Longer term, perhaps it makes sense to wrap the ncbi methods within a class for request.session reuse/throttling, and/or utilize the http:// post api pattern described within link to utilize the library to bank uids for larger queries (which exceed http url length limits when placed within params).
@kmeiklej perhaps a relatively easy area to target. Translating sample entrez code from perl to python should be straight forward.
thanks, having a look at the PR.
one option is biopython, which has an entrez module https://biopython.org/docs/1.75/api/Bio.Entrez.html Seems to handle rate limiting out of the box. Though when i installed it it immediately threw some curl errors, so that doesn't give me hope it would be something to depend on.
Biopython entrez are certainly hitting that api in a more efficient way (dynamically utilising post vs get).

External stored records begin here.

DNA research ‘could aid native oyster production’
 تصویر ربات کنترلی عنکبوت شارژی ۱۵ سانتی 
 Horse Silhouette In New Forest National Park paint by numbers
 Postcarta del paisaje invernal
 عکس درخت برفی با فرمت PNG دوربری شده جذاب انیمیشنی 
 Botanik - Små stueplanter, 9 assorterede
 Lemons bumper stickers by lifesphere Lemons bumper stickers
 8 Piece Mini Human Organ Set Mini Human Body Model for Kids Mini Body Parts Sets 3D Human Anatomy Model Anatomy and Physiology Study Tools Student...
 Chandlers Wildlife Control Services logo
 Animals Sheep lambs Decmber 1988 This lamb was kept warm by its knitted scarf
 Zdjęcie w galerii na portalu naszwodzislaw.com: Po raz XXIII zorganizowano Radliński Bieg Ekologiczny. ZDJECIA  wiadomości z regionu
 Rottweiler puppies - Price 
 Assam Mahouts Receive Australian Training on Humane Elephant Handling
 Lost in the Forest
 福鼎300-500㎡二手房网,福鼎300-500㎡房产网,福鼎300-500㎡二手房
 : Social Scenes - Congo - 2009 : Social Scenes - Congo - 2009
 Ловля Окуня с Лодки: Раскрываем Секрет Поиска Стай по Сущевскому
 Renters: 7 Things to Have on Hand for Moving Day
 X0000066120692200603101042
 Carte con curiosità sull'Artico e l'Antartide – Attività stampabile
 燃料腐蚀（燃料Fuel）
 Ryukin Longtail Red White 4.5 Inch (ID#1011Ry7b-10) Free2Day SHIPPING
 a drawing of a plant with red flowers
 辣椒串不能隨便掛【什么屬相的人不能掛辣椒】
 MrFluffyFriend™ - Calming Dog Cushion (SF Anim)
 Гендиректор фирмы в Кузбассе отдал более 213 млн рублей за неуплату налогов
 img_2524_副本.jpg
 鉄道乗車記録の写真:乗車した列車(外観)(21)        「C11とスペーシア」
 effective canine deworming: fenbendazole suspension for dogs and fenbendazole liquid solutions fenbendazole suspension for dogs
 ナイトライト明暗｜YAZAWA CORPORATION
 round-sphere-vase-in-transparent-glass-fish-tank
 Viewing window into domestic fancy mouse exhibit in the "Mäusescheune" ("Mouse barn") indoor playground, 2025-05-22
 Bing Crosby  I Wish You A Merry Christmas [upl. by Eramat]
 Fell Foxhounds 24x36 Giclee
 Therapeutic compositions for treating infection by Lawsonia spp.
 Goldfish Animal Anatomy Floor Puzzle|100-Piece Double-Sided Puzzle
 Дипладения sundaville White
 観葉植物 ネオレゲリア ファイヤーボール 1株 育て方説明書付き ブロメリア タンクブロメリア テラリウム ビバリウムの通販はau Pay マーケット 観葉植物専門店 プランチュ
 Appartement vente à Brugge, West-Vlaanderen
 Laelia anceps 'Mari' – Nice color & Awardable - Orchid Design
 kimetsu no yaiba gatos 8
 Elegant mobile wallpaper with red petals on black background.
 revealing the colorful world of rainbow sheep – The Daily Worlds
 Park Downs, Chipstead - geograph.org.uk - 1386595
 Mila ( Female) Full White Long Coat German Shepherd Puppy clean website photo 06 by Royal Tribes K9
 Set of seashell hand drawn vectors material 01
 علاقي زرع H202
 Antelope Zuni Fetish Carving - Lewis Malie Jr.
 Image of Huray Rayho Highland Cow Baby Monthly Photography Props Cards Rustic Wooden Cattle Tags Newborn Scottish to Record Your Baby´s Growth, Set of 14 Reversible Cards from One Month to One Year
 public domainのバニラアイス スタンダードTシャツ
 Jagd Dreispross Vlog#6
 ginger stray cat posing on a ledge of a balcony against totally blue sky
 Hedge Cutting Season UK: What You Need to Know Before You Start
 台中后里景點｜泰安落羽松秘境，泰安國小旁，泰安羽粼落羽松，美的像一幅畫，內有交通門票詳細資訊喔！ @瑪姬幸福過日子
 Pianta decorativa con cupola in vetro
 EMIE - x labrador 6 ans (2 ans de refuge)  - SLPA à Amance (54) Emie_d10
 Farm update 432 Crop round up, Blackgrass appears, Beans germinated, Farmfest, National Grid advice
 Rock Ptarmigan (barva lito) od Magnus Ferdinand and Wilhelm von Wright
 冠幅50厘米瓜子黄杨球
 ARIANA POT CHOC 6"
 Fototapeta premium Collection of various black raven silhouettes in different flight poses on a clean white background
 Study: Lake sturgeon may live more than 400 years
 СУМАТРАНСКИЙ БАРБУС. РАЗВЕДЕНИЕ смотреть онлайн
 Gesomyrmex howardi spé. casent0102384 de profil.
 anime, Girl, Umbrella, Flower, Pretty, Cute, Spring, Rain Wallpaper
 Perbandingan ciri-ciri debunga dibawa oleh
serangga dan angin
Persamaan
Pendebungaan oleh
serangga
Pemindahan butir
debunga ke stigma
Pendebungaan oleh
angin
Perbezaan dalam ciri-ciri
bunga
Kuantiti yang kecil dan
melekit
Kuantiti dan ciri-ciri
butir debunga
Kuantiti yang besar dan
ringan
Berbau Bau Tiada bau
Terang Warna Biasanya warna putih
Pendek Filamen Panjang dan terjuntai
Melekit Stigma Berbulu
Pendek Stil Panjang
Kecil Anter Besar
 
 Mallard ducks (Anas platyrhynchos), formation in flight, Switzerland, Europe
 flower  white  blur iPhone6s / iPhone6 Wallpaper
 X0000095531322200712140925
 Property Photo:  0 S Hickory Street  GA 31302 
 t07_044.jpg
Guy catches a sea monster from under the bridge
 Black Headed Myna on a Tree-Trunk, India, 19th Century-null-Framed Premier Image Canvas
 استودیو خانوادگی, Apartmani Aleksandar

But the model implementation (in Perl) has some api changes that don’t appear to be back ported to biopython, and you’re right; requests is a better approach than using curl/urllib. Closing this specific issue, but will leave for @kmeiklej to raise an issue to address.
Issue:
I'm getting http errors when running multiple entrez queries within a loop. This is caused by exceeding the entrez api limits.
The http responses for ncbi/entrez programming provide the helpful http response: 'X-RateLimit-Remaining' with a count of how many api responses are remaining within the applicable rate limit.
It'd be nice if the library respected the API limits automatically.
Potential solution:
When a response shows 'X-RateLimit-Remaining' <= 1 , wait for ~1 second before returning the http request to allow the api limit to reset.